#### [Activity]
The required output is the line with "Lisbon Serviced Apartments" plus all lines that follow it to the end of the listing below, written out exactly, with no pictures.
□ □ □ □ □
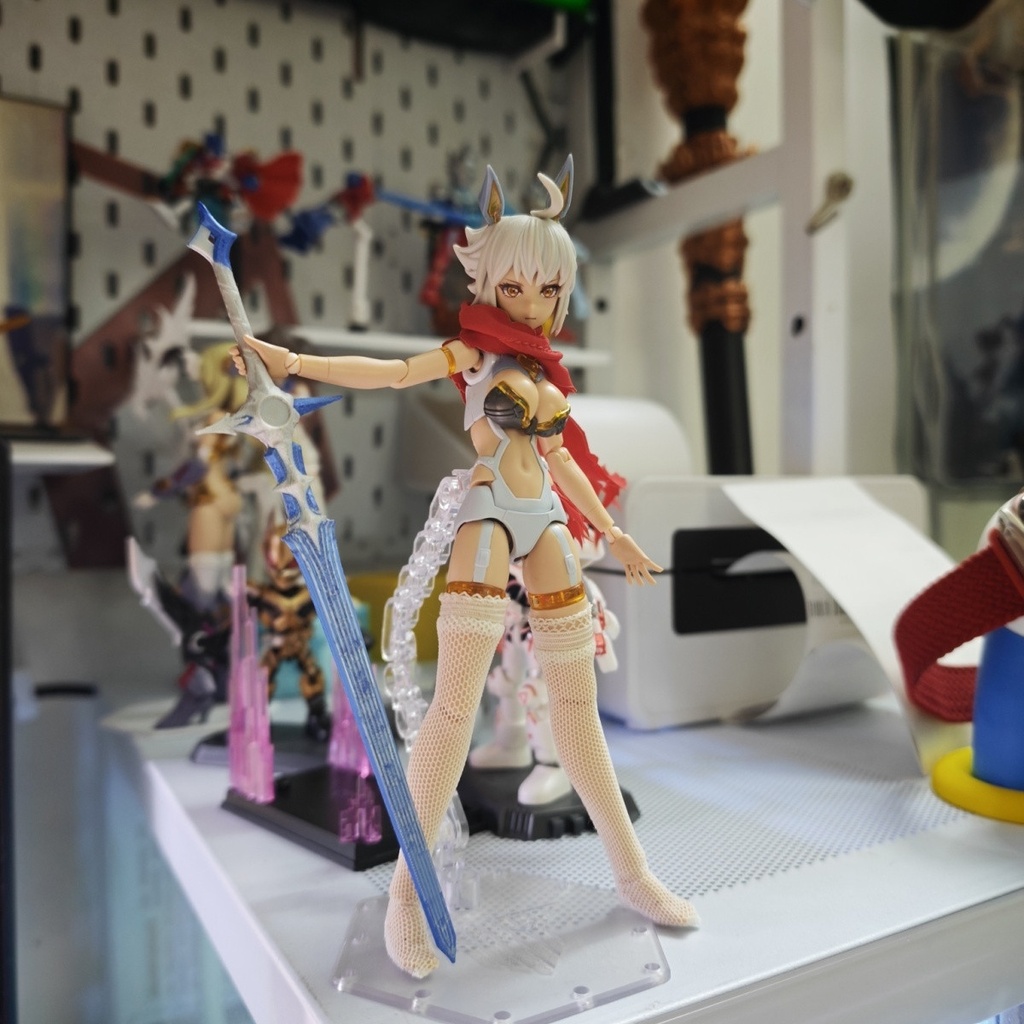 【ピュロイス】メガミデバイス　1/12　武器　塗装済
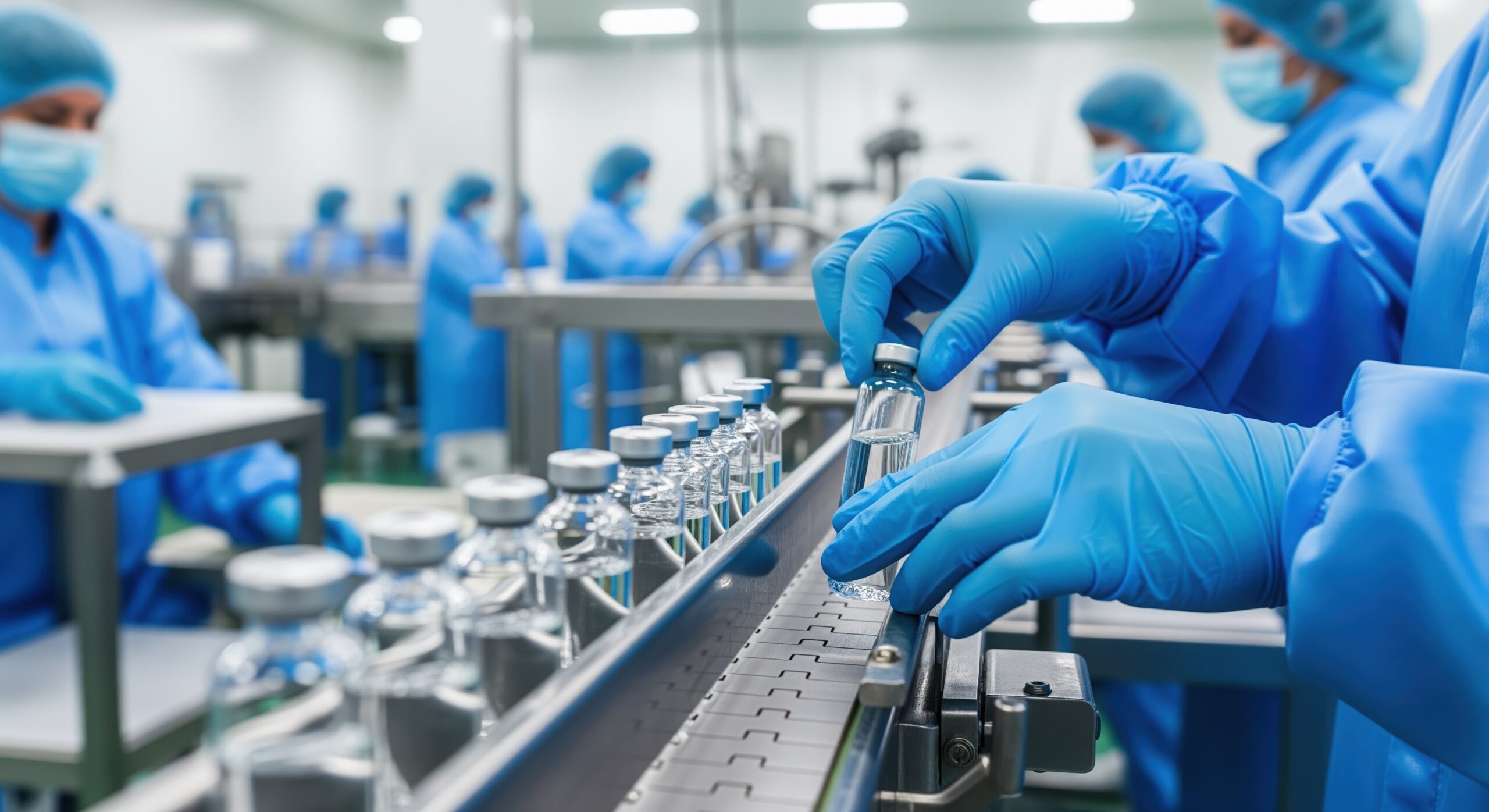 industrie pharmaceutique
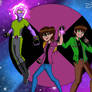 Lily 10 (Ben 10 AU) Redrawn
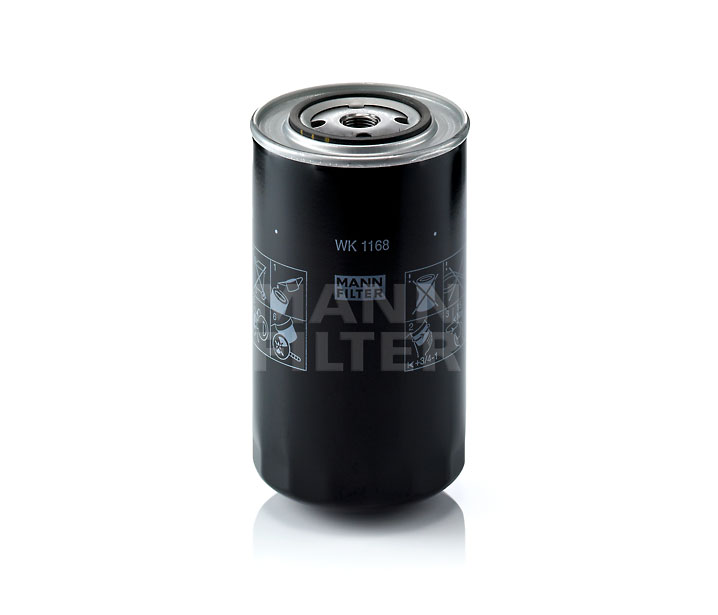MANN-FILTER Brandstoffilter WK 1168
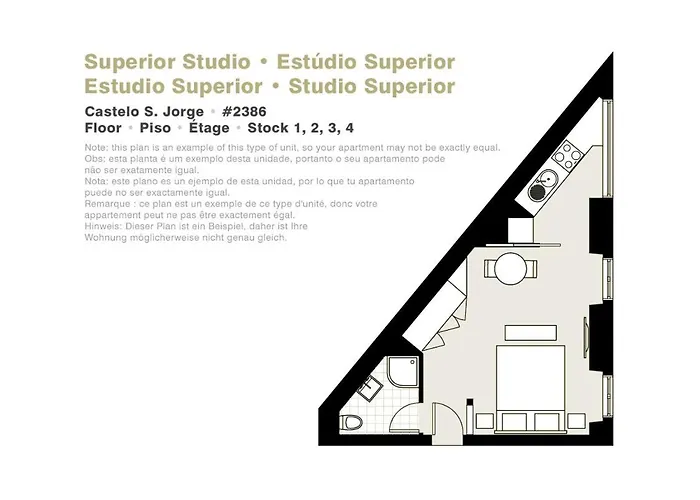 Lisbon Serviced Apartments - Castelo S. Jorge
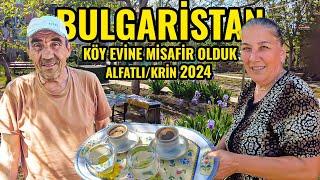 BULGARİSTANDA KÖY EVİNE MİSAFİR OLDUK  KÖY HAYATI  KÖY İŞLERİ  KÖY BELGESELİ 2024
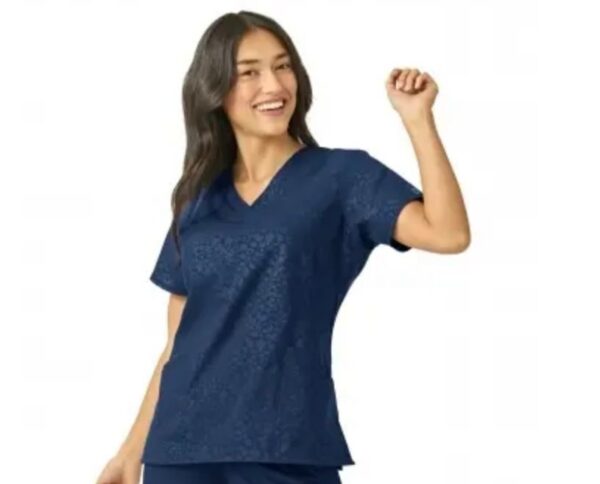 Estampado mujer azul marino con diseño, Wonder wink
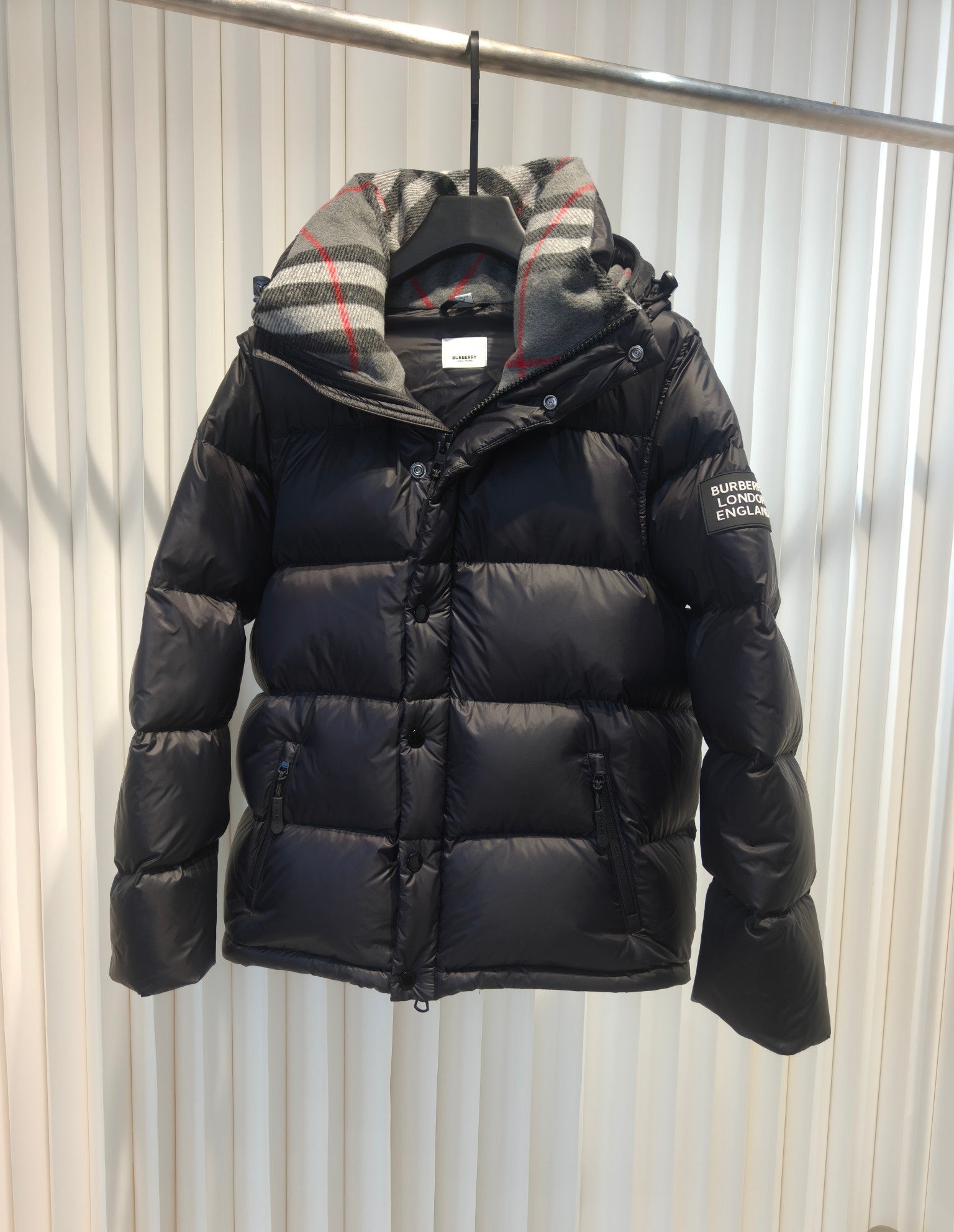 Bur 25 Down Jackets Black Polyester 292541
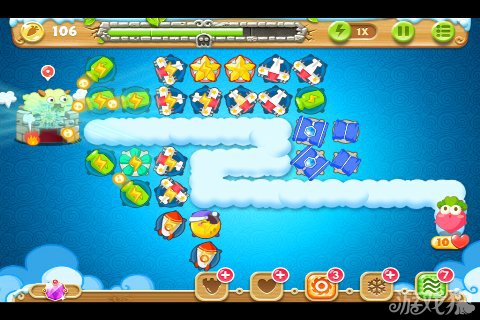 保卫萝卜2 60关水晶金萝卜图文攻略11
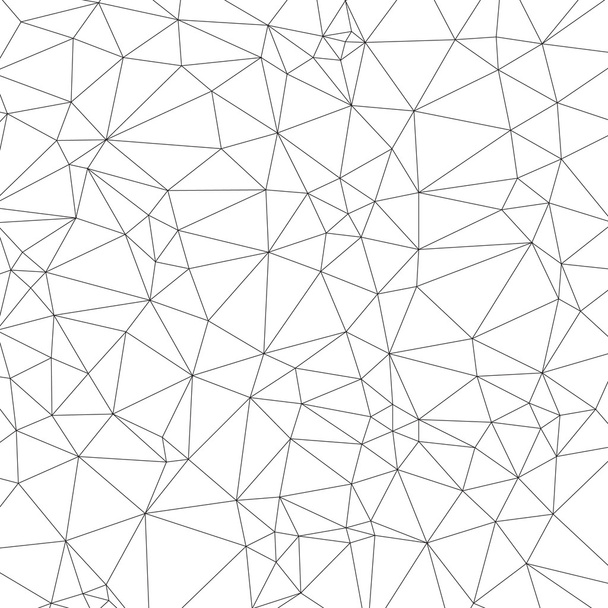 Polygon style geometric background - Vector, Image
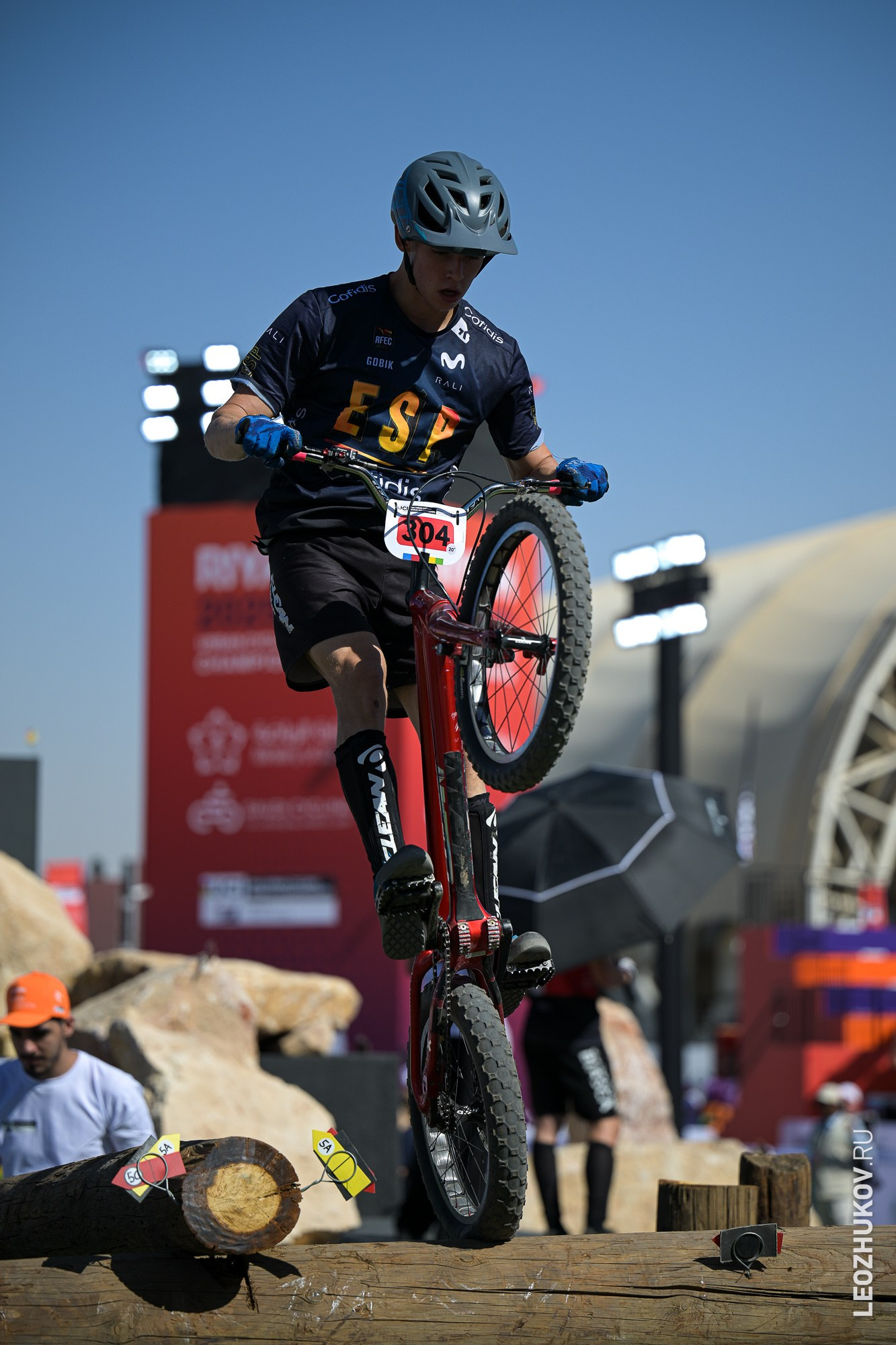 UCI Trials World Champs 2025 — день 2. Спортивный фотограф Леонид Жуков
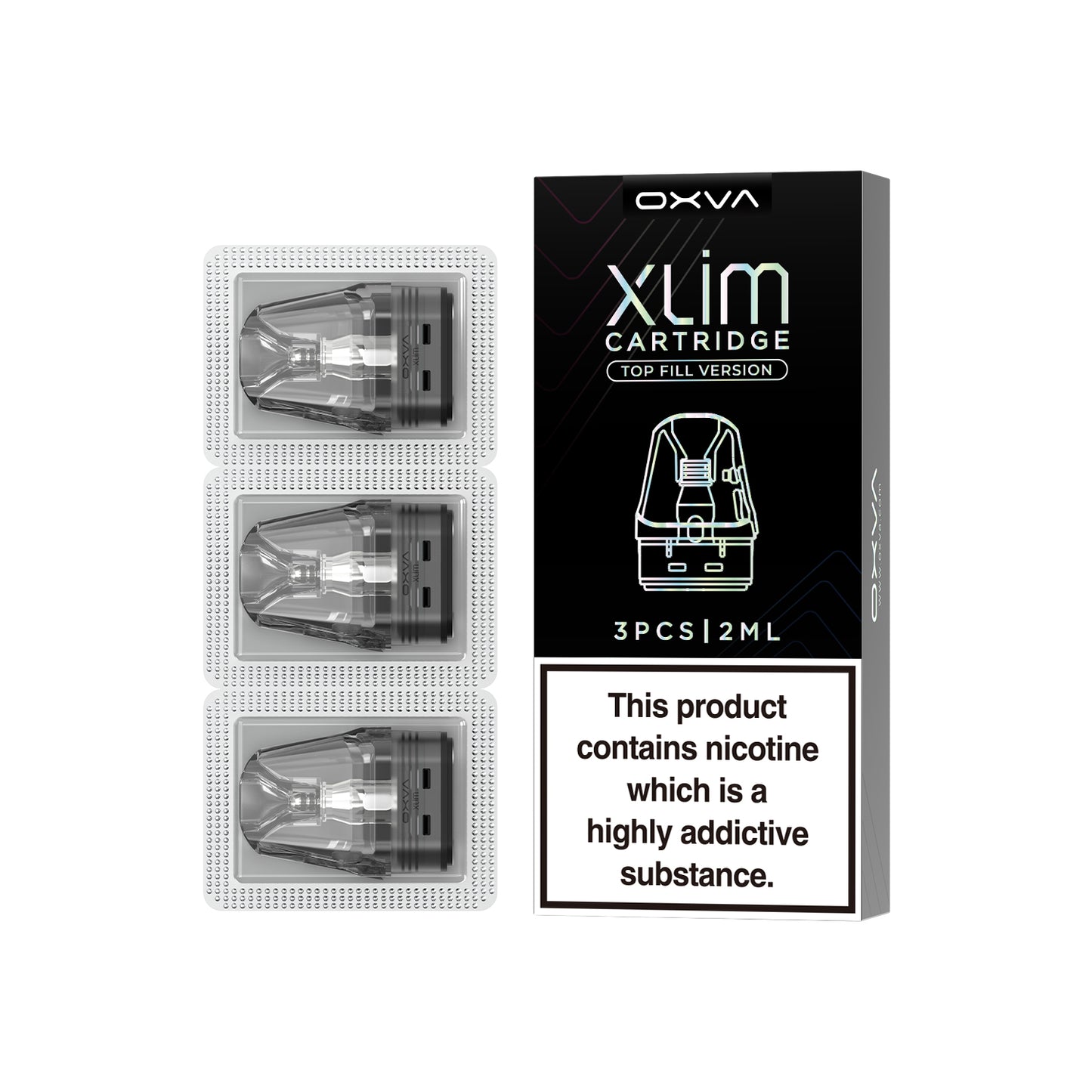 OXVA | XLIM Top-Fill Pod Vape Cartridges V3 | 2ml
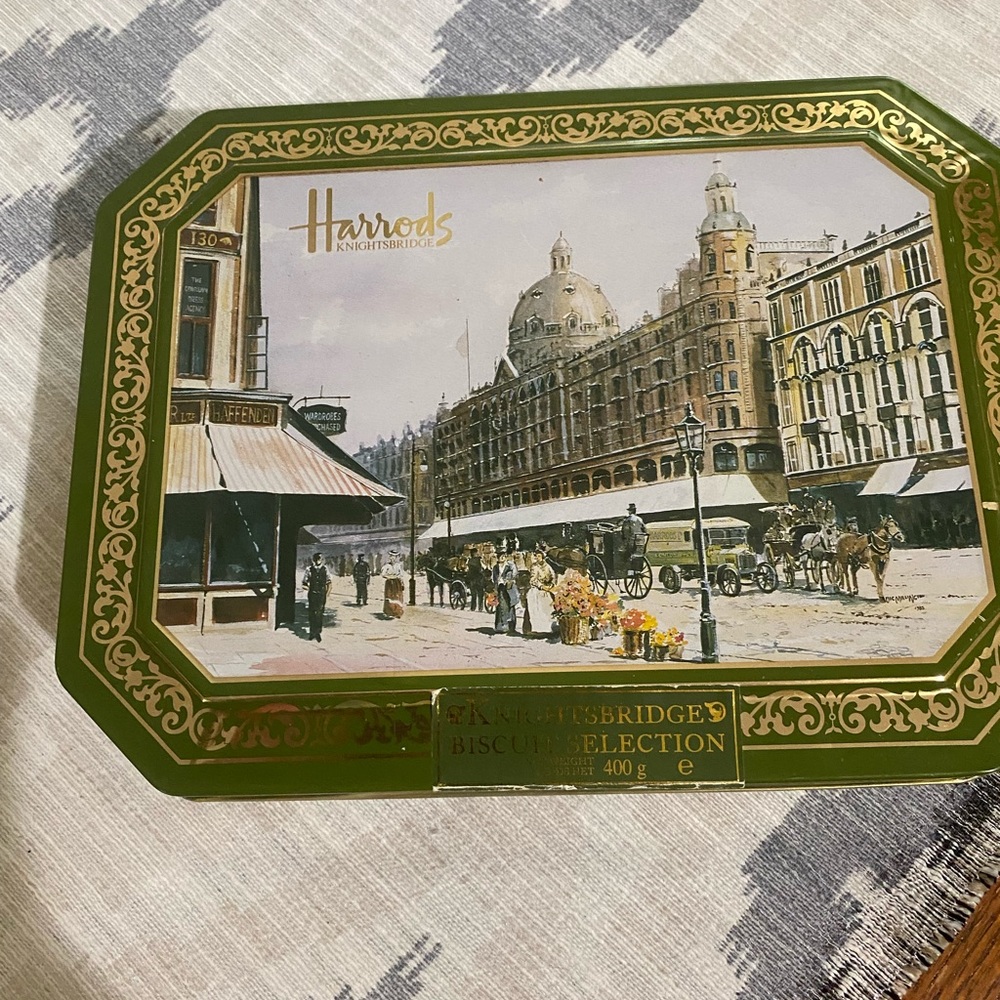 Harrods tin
□ □ □ □ □
#### [Output of the exercise]
 Lisbon Serviced Apartments - Castelo S. Jorge
 BULGARİSTANDA KÖY EVİNE MİSAFİR OLDUK  KÖY HAYATI  KÖY İŞLERİ  KÖY BELGESELİ 2024
 Estampado mujer azul marino con diseño, Wonder wink
 Bur 25 Down Jackets Black Polyester 292541
 保卫萝卜2 60关水晶金萝卜图文攻略11
 Polygon style geometric background - Vector, Image
 UCI Trials World Champs 2025 — день 2. Спортивный фотограф Леонид Жуков
 OXVA | XLIM Top-Fill Pod Vape Cartridges V3 | 2ml
 Harrods tin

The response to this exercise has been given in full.